HARARE — Zimbabwe’s government pleaded for international help yesterday after declaring a national emergency over a cholera epidemic that has left 565 dead, as Britain warned the country has become a “failed state”.
The South African government announced yesterday that President Kgalema Motlanthe will call an urgent meeting of key ministers to consider how South Africa can work with the region and aid organisations to address the urgent need for food and choera treatment in Zimbabw.
Cabinet spokesman Themba Maseko said the government is “extremely” concerned. “The government’s primary objective now is to save innocent lives in Zimbabwe.”
On the food shortages, Maseko said: “All indications are that people are beginning to die of starvation and we cannot fold our arms and allow this to happen. It is time for urgent action by ourselves and our neighbouring countries in SADC.”
Maseko said the government will extend help on cholera into Zimbabwe, so people do not have to cross the border.
The state-run Herald reported unusually frank remarks by Zimbabwe’s government that the cholera outbreak and breakdown of the health system are national emergencies and that it has appealed for international aid.

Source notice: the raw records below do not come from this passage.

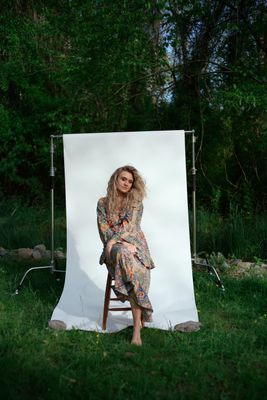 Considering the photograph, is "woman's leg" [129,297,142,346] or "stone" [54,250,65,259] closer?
"woman's leg" [129,297,142,346]

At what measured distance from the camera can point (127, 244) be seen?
2.98 metres

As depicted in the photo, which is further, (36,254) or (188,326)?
(36,254)

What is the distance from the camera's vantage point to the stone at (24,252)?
5215 millimetres

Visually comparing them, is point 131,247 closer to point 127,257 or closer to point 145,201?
point 127,257

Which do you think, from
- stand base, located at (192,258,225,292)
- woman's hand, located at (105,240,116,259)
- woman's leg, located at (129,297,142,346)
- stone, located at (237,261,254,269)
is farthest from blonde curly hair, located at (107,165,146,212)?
stone, located at (237,261,254,269)

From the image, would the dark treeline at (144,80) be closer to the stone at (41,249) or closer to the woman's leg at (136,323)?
the stone at (41,249)

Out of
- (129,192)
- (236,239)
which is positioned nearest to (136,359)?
(129,192)

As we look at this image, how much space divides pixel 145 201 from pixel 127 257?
1.42 metres

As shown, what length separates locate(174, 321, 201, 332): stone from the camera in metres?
3.12

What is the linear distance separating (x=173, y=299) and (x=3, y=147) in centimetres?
486

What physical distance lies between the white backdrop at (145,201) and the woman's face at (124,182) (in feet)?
3.43

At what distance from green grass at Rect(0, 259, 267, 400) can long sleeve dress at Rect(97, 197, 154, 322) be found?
275mm

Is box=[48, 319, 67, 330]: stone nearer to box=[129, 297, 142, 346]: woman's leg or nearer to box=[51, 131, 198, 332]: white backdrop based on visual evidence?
box=[129, 297, 142, 346]: woman's leg

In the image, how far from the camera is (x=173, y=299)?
3.75 metres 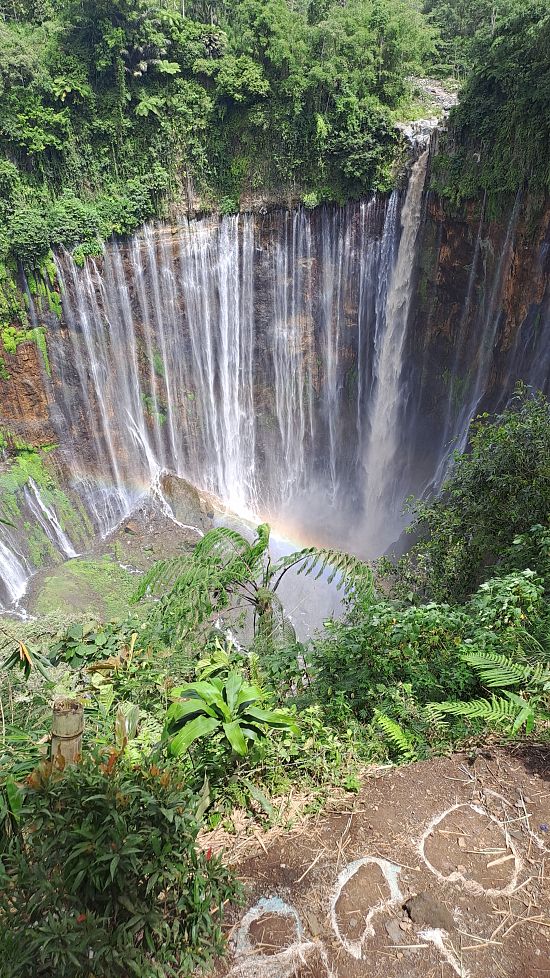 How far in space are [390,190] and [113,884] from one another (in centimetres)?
1516

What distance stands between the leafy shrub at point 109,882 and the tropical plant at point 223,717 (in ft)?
1.53

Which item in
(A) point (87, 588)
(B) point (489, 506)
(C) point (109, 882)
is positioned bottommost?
(A) point (87, 588)

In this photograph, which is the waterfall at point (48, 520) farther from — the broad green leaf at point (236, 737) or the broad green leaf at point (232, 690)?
the broad green leaf at point (236, 737)

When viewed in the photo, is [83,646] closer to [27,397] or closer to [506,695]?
[506,695]

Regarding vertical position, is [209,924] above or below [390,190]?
below

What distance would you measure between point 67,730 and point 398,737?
5.52 ft

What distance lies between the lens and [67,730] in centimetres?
192

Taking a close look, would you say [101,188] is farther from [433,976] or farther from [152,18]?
[433,976]

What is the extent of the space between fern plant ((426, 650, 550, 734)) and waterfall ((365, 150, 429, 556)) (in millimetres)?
11604

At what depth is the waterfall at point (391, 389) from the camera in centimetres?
1380

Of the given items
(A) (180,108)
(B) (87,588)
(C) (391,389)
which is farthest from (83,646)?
(A) (180,108)

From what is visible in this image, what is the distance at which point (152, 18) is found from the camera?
46.1 feet

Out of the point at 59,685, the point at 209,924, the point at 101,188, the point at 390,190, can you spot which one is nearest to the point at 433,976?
the point at 209,924

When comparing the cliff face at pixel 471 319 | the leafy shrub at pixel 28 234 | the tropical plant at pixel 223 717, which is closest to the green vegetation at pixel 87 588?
the leafy shrub at pixel 28 234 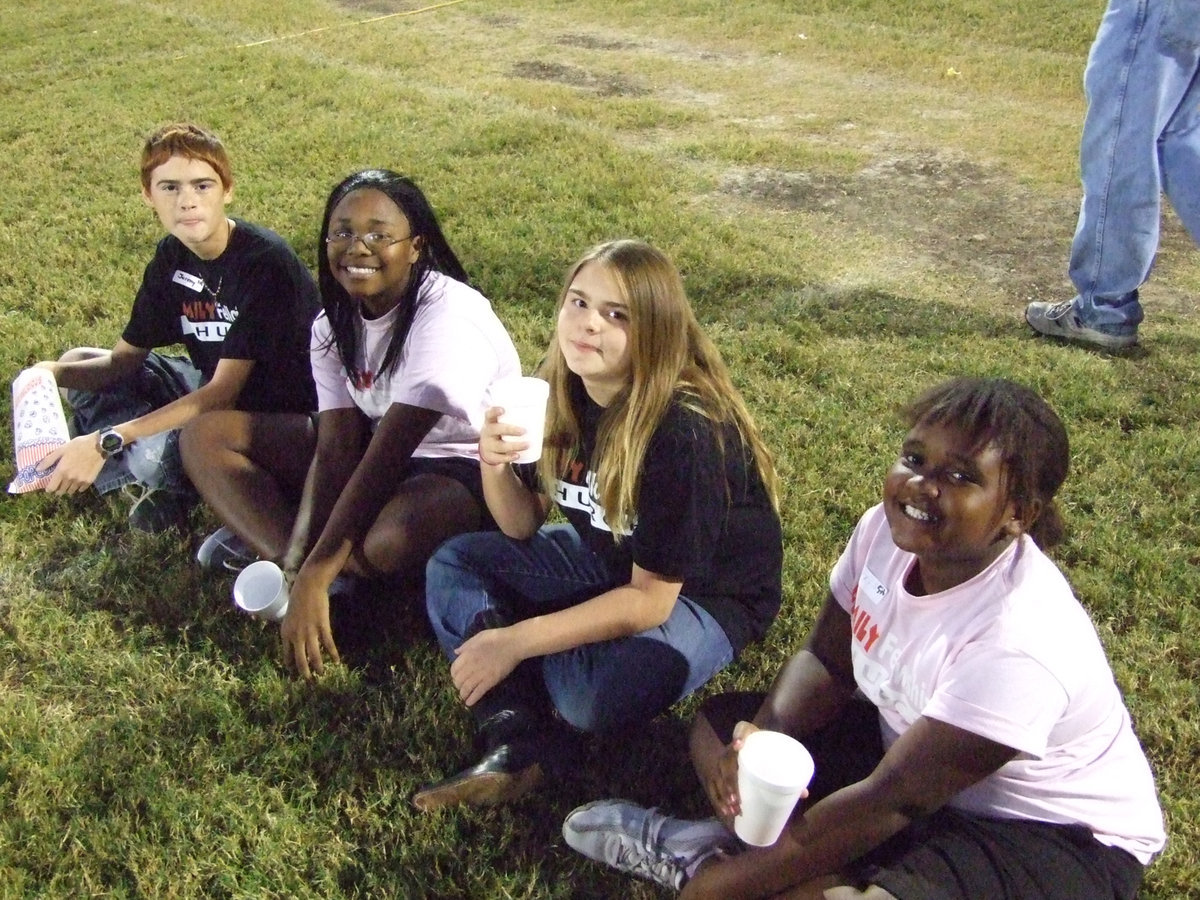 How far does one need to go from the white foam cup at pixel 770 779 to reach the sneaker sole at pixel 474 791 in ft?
2.36

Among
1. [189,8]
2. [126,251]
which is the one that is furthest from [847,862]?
[189,8]

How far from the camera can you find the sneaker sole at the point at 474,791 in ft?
7.47

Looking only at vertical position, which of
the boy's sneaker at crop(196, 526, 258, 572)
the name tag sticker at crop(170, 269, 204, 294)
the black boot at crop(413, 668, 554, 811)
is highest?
the name tag sticker at crop(170, 269, 204, 294)

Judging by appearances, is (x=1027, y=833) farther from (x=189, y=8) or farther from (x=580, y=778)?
(x=189, y=8)

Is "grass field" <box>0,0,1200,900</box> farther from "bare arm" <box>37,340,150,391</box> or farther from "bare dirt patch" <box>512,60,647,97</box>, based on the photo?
"bare arm" <box>37,340,150,391</box>

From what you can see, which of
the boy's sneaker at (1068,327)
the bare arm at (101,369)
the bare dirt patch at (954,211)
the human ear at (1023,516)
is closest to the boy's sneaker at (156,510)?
the bare arm at (101,369)

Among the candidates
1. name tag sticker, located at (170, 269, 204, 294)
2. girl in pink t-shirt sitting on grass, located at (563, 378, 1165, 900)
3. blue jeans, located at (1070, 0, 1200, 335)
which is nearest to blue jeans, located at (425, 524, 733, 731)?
girl in pink t-shirt sitting on grass, located at (563, 378, 1165, 900)

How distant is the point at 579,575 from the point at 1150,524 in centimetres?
185

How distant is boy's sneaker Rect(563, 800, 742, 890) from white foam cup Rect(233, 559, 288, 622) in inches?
39.7

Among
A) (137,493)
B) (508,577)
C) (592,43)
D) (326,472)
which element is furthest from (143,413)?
(592,43)

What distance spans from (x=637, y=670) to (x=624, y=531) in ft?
0.98

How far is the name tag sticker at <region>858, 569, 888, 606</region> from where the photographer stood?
199 cm

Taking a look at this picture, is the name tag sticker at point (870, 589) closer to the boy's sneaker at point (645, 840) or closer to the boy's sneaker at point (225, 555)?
the boy's sneaker at point (645, 840)

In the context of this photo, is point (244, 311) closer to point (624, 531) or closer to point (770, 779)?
point (624, 531) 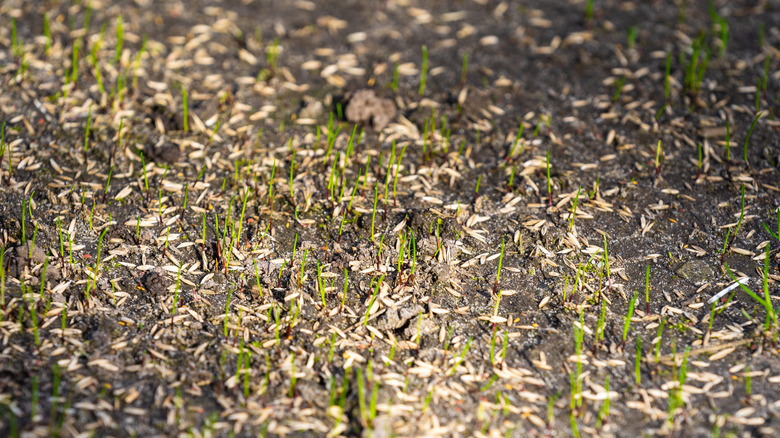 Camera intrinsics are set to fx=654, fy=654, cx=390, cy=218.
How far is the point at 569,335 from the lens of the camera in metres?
3.83

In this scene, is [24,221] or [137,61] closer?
[24,221]

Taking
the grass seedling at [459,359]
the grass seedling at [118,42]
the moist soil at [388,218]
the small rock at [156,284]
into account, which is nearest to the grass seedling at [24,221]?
the moist soil at [388,218]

“Our central hospitals are literally not functioning,” Health Minister David Parirenyatwa told the paper.
British Prime Minister Gordon Brown accused Mugabe of turning Zimbabwe into a “failed state”, as he announced an unspecified increase in humanitarian aid.
The International Committee of the Red Cross said over 13 tons of medical supplies have arrived in Harare, and the World Health Organisation said it would supply $340 000 worth of drugs and supplies.